?yrrow em ,ohW
from theDesk of…
by Ron Strickland, Major –
Spelled backwards the question is: “Who, me worry”? That’s the question of today, especially as we face a declining stock market and an unstable economy, leading to the loss of jobs and retirement funds for many people.
So, what is this thing that we call worry that plagues us in these troubling times? How would you define worry? Well, the best definition that I have ever heard for the definition of worry is, “Worry is the state of being at war with oneself”! There is no doubt that every one of us has the capacity to carry on his or her own individual war. Therefore, if worry is being at war with oneself, what do we worry about? The answer comes from Dr. Samuel Kraines, who did a study on worry, suggesting three categories into which worries fall:
Disturbing situations for which one must find a solution.
Disturbing situations over which one has no control.
Unimportant, insignificant, minor problems of everyday life that warrant little attention.
But another study has revealed that:
40 percent of what people worry about never happens.
30 percent of people’s worries concern things of the past.
12 percent of our worries about health are needless.
10 percent of our worries are designated as “petty,” miscellaneous matters not worth worrying about.
That leaves 8 percent for real, legitimate worry.
An important question that remains about worry would be: “Is worrying a sin?”
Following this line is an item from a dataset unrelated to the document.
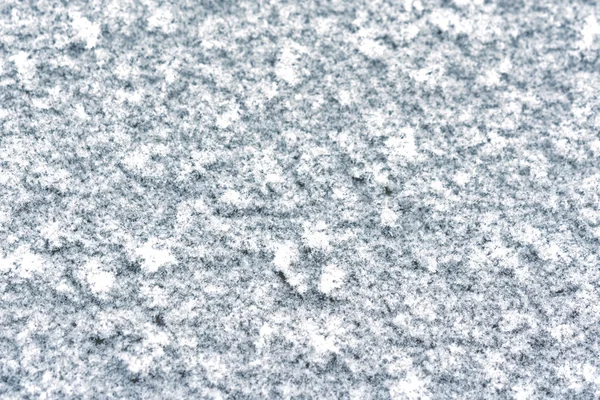 Snowflakes on the ground in winter — Stock Photo, Image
I believe Oswald Chambers helps us to answer this question when he said that all of our fret and worry are caused by “calculating without God.” Worrying implies the absence of trust. Therefore, since God’s word gives direct answers to the problem of worry and actually tells us not to worry, this lack of trust in God is certainly a sin.
But how does the Christian combat the plague of worry? We only have to read Matthew 6:25-34 to get the answer that Jesus gives and that is do not worry! Verse 34 says, “Therefore, do not worry about tomorrow, for tomorrow will worry about itself. Each day has enough trouble of its own.”
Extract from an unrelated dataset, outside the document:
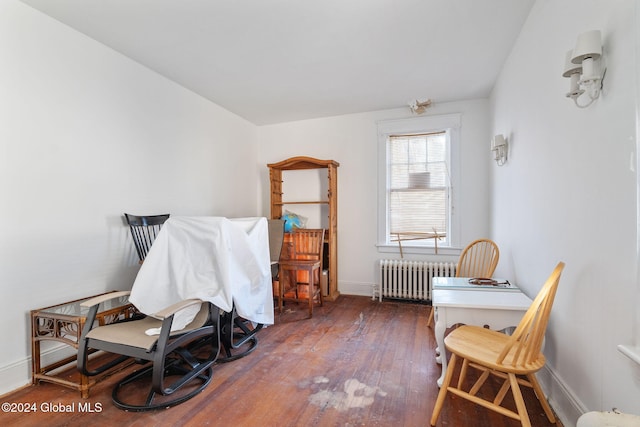 miscellaneous room featuring dark hardwood / wood-style floors and radiator heating unit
In his letter to the young churches, J.B. Phillips renders Philippians 4:6-7 as follows:
Don’t worry whatsoever; tell God every detail
of your needs in earnest and thankful prayer,
and the peace of God, which transcends human
understanding, will keep constant guard over
your heart and minds as they rest in Christ Jesus.
What a wonderful and powerful promise God has given us. I have never heard a more compelling antidote for worry than Philippians 4:6-7! The prayer chorus that we often sing further solidifies it:
All your anxiety, all your care,
Bring to the mercy seat, leave it there.
Never a burden he cannot bear,
Never a friend like Jesus.
Who, me worry? Not a chance when I lay hold and claim the promises of God! You, too, can be worry free!